In scena all’Orologio “Le vacanze dei signori Lagonìa” di Colella e Lagi
Senza donne è peggio
La moglie è sempre seduta e parla in continuazione, il marito è quasi sempre in piedi e non parla praticamente mai. Stanno davanti al mare, accanto a un ombrellone, e hanno subìto una tragedia che non è giusto rivelare. Sono comunque due anziani relitti spiaggiati dalla vita che vanno verso un finale deprimente.
In scena al teatro dell’Orologio, Le vacanze dei signori Lagonìa, scritto da Francesco Colella e Francesco Lagi, anche regista, è uno spettacolo tristanzuolo che ambirebbe a rappresentare la condizione umana (o disumana) dei suoi personaggi. Invece il problema che viene fuori riguarda gli interpreti e gli autori. Il ruolo del marito è affidato a Mariano Pirrello, la moglie è interpretata “en travesti” dallo stesso Colella. Perché? Magari qualche attrice decente in giro per fare la moglie si trova. Neanche si devono temere gli sbirri: da vari secoli è stato tolto il divieto alle donne di salire sul palcoscenico. In attesa che l’interdetto sia ripristinato, stante l’odio verso le ragazze che di questi tempi intossica una società malata di femminicidio, ci si può chiedere per quale motivo questa povera signora Lagonìa, già carica di gravi problemi e di un nome disgraziato, viene tratteggiata dallo spettacolo secondo gli stereotipi più triti della moglie: logorroica, prevaricatrice, querula, insignificante, insopportabile. È una visione reazionaria della donna, rozza, buona per conversazioni fra maschi in caserma.

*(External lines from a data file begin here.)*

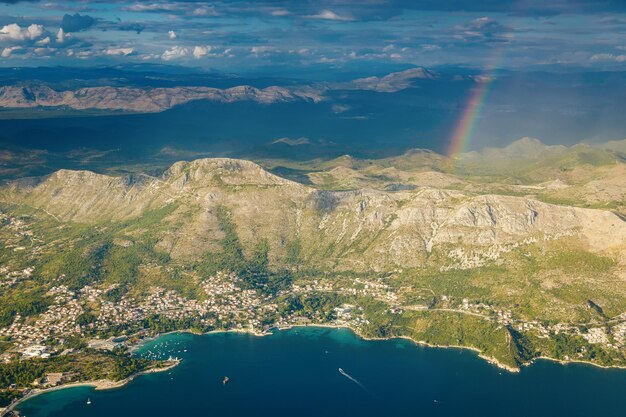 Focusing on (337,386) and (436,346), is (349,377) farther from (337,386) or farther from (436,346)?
(436,346)

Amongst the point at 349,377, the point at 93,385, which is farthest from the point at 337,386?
the point at 93,385

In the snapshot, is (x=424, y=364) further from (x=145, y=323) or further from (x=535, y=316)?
(x=145, y=323)

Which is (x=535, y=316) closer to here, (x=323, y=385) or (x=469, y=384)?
(x=469, y=384)

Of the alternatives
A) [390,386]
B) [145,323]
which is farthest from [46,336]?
[390,386]

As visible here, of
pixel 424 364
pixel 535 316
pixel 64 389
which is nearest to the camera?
pixel 64 389

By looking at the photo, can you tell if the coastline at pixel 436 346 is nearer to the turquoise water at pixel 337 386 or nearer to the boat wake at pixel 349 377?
the turquoise water at pixel 337 386

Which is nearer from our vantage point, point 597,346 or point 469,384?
point 469,384

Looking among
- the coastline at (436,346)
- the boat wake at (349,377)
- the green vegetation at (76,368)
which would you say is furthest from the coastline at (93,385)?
the coastline at (436,346)

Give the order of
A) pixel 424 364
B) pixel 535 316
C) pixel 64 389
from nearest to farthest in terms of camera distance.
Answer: pixel 64 389 < pixel 424 364 < pixel 535 316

Colella è un tipo di interprete che come si dice in gergo cinematografico, non “passa”, non affascina, non smuove, non commuove, ha una recitazione aggressiva ed emozionalmente chiusa. Dà idea, giusta o sbagliata che sia, d’un attore gravato da immotivate certezze circa le proprie capacità recitative. Lavorare “en travesti” è operazione delicata, si rischia di scadere subito nel grossolano, bisogna avere una gran mano, come Paolo Poli, che nei confronti delle donne dimostra un affetto immenso, una tenerezza, un’ammirazione per la loro grazia. A meno che non si voglia puntare sulla risata facile, goliardica. Ma nello spettacolo a ridere, e troppo spesso, sono i due personaggi perché si riferiscono a fatti loro, del passato, che la drammaturgia non spiega. A teatro ci sono poche situazioni di così assoluta mestizia come due attori che si sbellicano di fronte a un pubblico che resta serio. Quanto all’altro attore, Pirrello, non è né bianco né nero, ne c’è né non c’è. Dice poco e niente e forse questo gli facilita la vita. Un tipo di attore che quando sta in scena, almeno in questo allestimento, non succede nulla.
Uno spettacolo che ricorda la battuta di Winston Churchill quando disse di Clement Attlee, vincitore delle elezioni britanniche nel ’45, subito dopo la Vittoria: “Questa mattina, davanti al numero 10 di Downing Street, si è fermato un taxi vuoto e ne è sceso Clement Attlee”.